Der Sacred Monkey Forest Sanctuary im Herzen von Ubud auf Bali zählt zu den bekanntesten Ausflugszielen der indonesischen Insel. Inmitten dichten Dschungels verbindet das Schutzgebiet unberührte Natur mit spiritueller Kultur und wissenschaftlicher Forschung. Zahlreiche Langschwanzmakaken leben in diesem geschützten Areal, das von historischen Tempelruinen und tiefen Schluchten geprägt ist.
Natur und Heiligtum im Herzen von Ubud

Inmitten der geschäftigen Kleinstadt Ubud erstreckt sich eine Oase der Ruhe und Spiritualität. Das Reservat basiert auf einem balinesisch-hinduistischen Prinzip, das die harmonische Beziehung zwischen Mensch, Umwelt und dem Göttlichen beschreibt. Im Inneren des dichten Waldes befinden sich heilige Tempelanlagen, die nur für Gebete in traditioneller Kleidung betreten werden dürfen und für Reinigungsrituale sowie Zeremonien genutzt werden.

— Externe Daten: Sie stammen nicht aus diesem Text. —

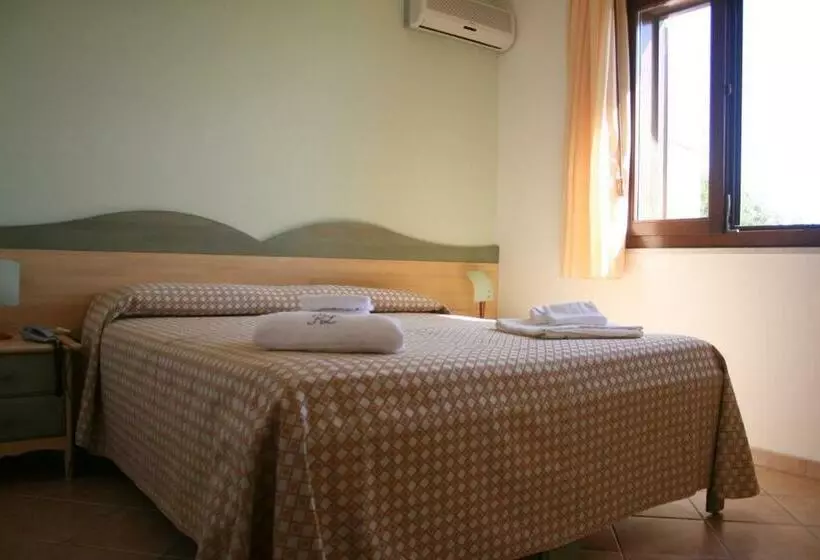 1ベッドルームアパートメント, Residence Punta Longa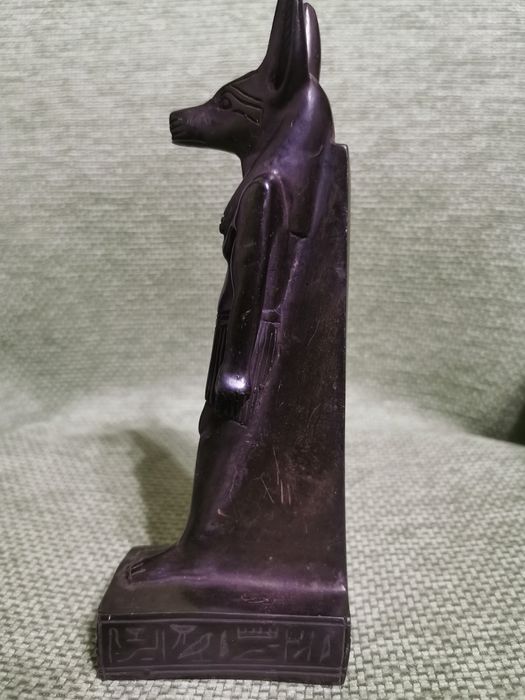 Анубис Статуетка.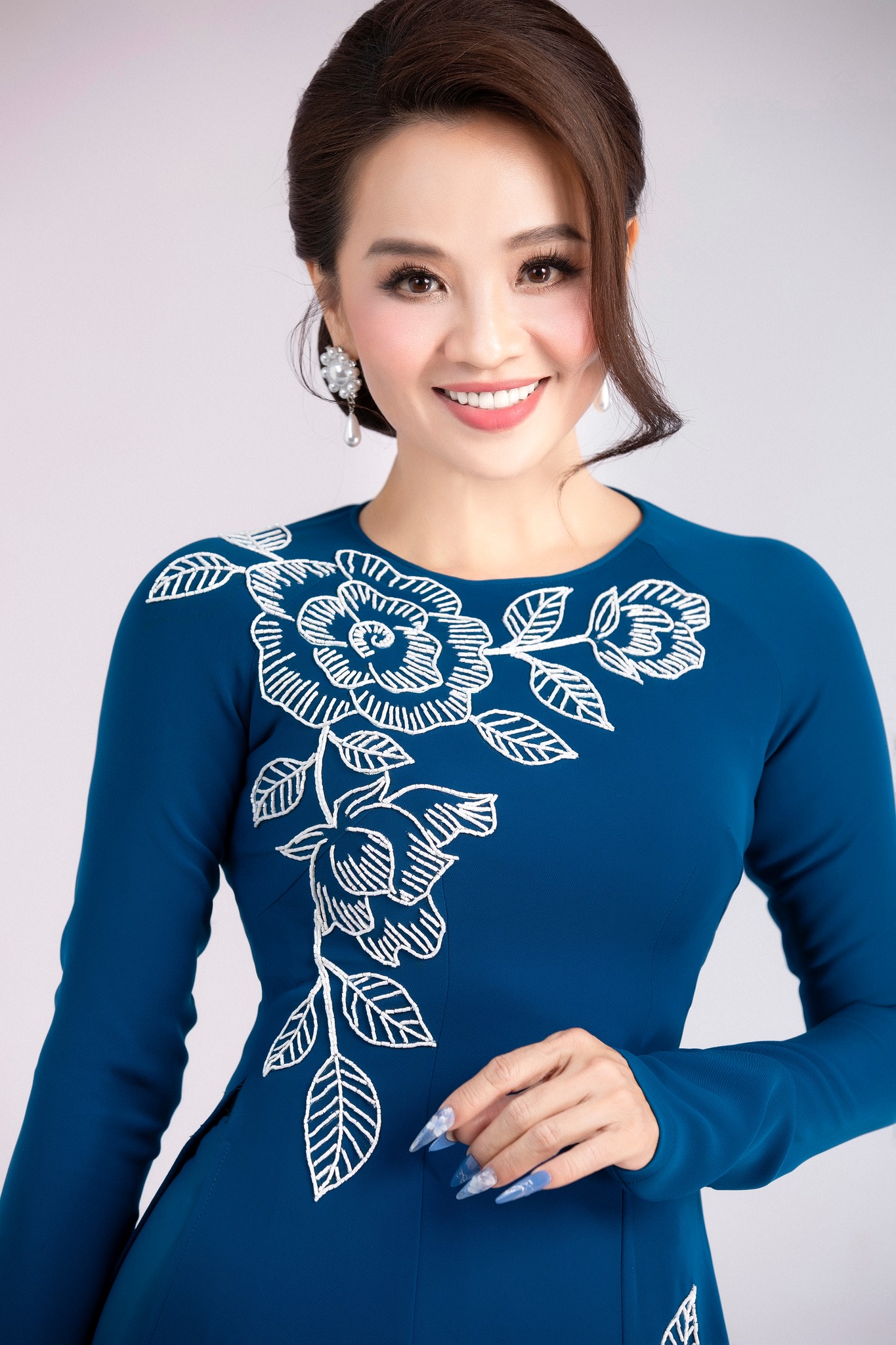 Áo dài cho Mẹ-4221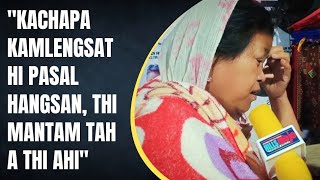 #LOCAL | Kachapa Kamlengsat hi Pasal Hangsan, Nam adia Thi Mantam tah'a Thi ahi: Nu Nemlhing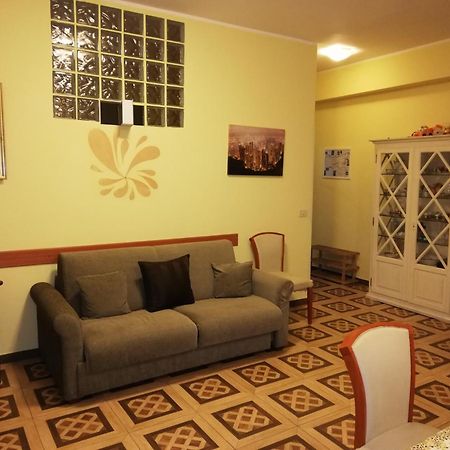 Casa Vacanze Rosy جيارديني ناكسوس المظهر الخارجي الصورة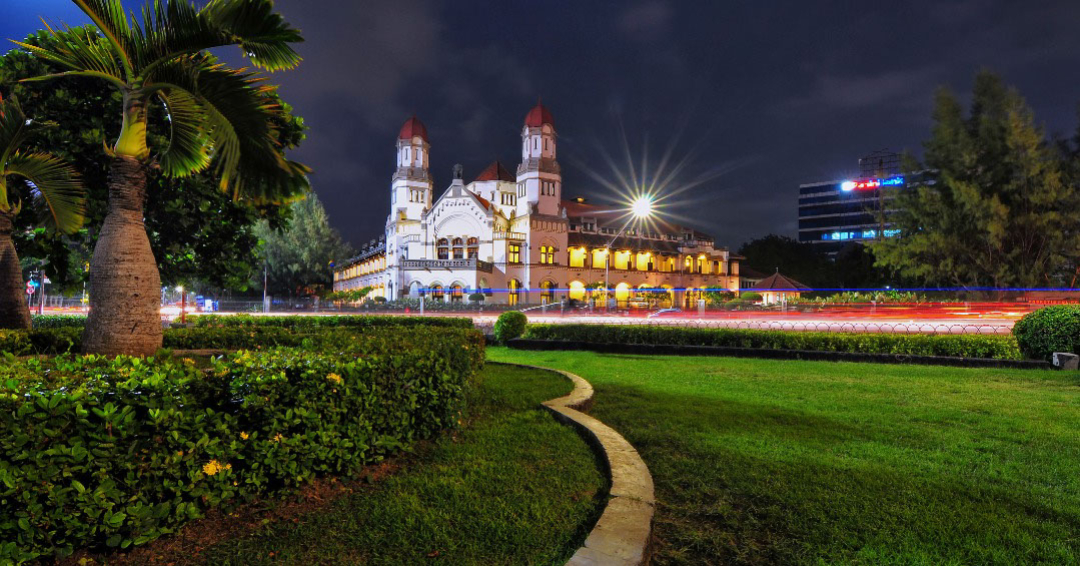 Selamat Datang Di Website Lapor Hendi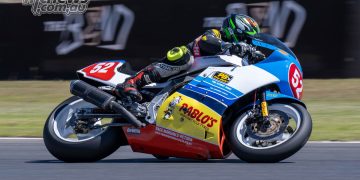 Recapping the Nolan Superbike Masters finale from The Bend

Urige Pfade führen vorbei an moosbedeckten Skulpturen, die mythische Wesen darstellen, und überqueren kleine Bachläufe im Schatten riesiger Banyan-Bäume. Die Kombination aus historischem Mauerwerk und üppiger Vegetation verleiht dem gesamten Areal eine geheimnisvolle Atmosphäre, die auch für Fotografie ergiebig ist.
Die feuchte, kühle Luft in den tieferen Schluchten bietet eine willkommene Abwechslung zur tropischen Hitze außerhalb des Reservats. Holzstege führen Besucher sicher über den feuchten Waldboden und ermöglichen es, die Natur aus nächster Nähe zu erleben, ohne das empfindliche Ökosystem zu belasten.
Wer in Ubud übernachten möchte, findet mit dem The Kalangan eine besondere Unterkunft: keine klassische Hotelanlage, sondern eher ein Boutique-Resort mit sehr schönen Zimmern. Highlight war das Bad mit großzügiger Außenbadewanne, eigener Dusche und Toilette. Das Frühstück war der Wahnsinn, sowohl die Pancakes als auch die Bowl, und der Pool sorgt für Abkühlung zwischendurch. Das Personal ist sehr freundlich und hilfsbereit, im hauseigenen Spa kann man sich massieren lassen, und auch Roller werden verliehen.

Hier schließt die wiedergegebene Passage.